Amazon union-vote rerun advised
A federal official has recommended overturning the results of a union election at an Amazon.com Inc. warehouse in Alabama, giving the retail union an opportunity to reverse its defeat, according to people familiar with the matter.
After losing the election in April, the Retail, Wholesale and Department Store Union appealed the outcome to the National Labor Relations Board, setting in motion a contentious hearing in May that was presided over by board hearing officer Kerstin Myers.
The defeat had been seen as a major setback for union organizers, who have struggled to make significant inroads among workers at the e-commerce giant.
But now, Myers has recommended the election be run again, said the people, who asked not to be identified because the recommendation isn’t yet public. The recommendation will be considered by a labor board regional director, and Amazon has the right to appeal the ruling to a board panel in Washington. If a new election is called, it could happen later this year.
Myers’s recommendation means “there’s a strong likelihood” of a new election, said former board member Wilma Liebman, who chaired the agency under President Barack Obama. Regional directors usually adopt the recommendations of hearing officers in such cases, Liebman said, and this case’s high profile could make the regional director that much more hesitant to overrule Myers.
The union campaign at the warehouse, which had more than 5,000 eligible workers, was the highest-profile domestic organizing effort so far at Amazon, which has a history of aggressively deterring worker activism.
The union has accused Amazon of making anti-union threats, firing an employee for distributing union cards and pressuring workers to cast their votes in a mailbox the company had installed in a tent on its property, in view of surveillance cameras.

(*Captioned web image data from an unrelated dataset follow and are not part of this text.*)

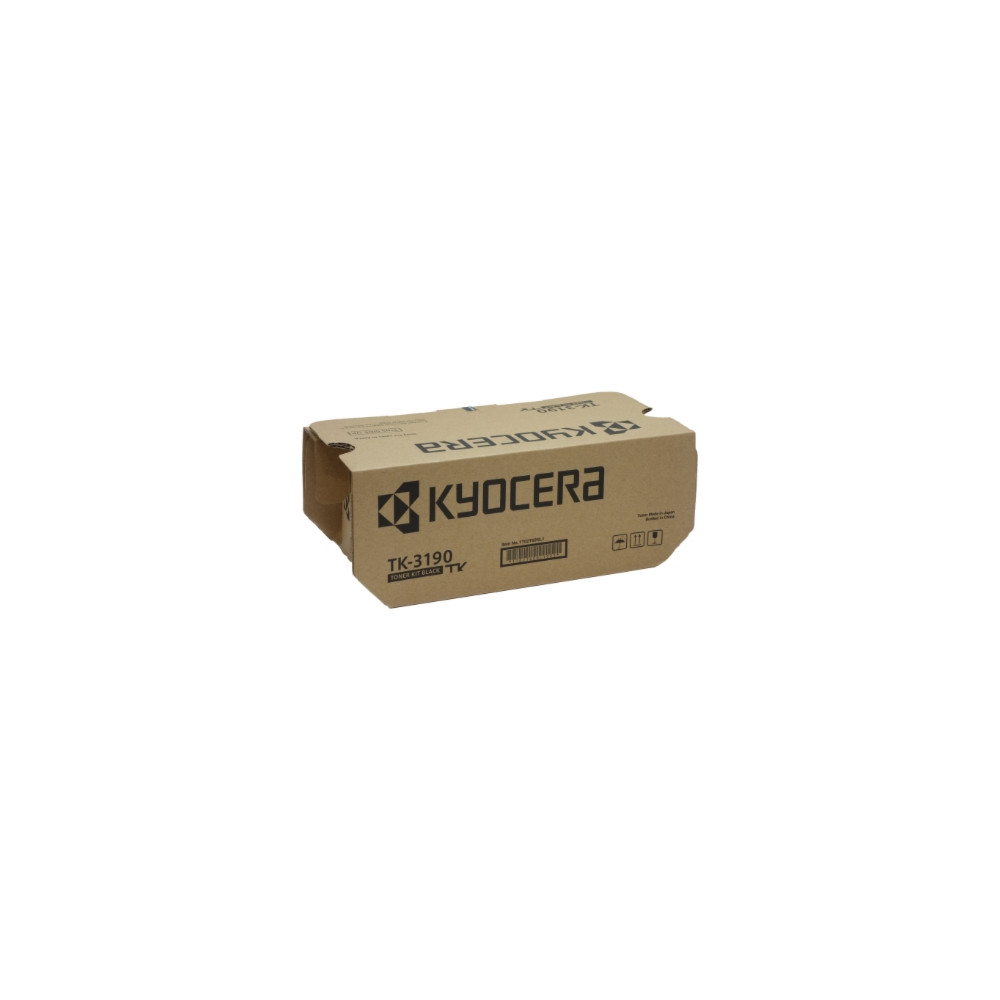 Produktbild för Kyocera TK 3190 - svart - original - tonerkassett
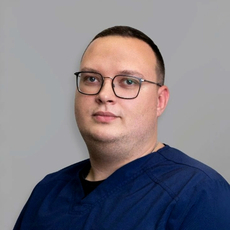 Мазуренко Роман Павлович, анестезиолог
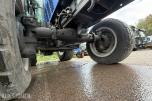2009 Iseki TG5470 kompakt traktor m/frontlaster og skuffe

Amazon denied any wrongdoing.
The union also contended that Amazon consultants and managers had illegally asked workers how they intended to vote. It said the company took several measures — such as increasing pay and giving away merchandise — to defuse pressure for a union. It is illegal to begin to take such steps once a union campaign is underway.
MAILBOX THE KEY
Myers’ recommendation centers on the mailbox, according to one of the people familiar with it. During the board hearing, an employee said Amazon security guards used keys to open the mailbox, testimony that Liebman said could be reason enough to overturn the result. Amazon has said that it had no access to the outgoing mail, and that it asked the Postal Service to install the mailbox to increase voter turnout in the union election.
The labor board has the authority to invalidate election results in response to conduct that could have changed the outcome and prevented employees from making a free choice about whether to unionize, which can include even creating the impression of surveillance or interference by management in the balloting process.
Stuart Appelbaum, the union president, said the union presented “compelling evidence” that the e-commerce company sought to interfere in the election.
“The question of whether or not to have a union is supposed to be the workers’ decision and not the employer’s,” Appelbaum said Monday in a statement. “Amazon cheated, they got caught, and they are being held accountable.”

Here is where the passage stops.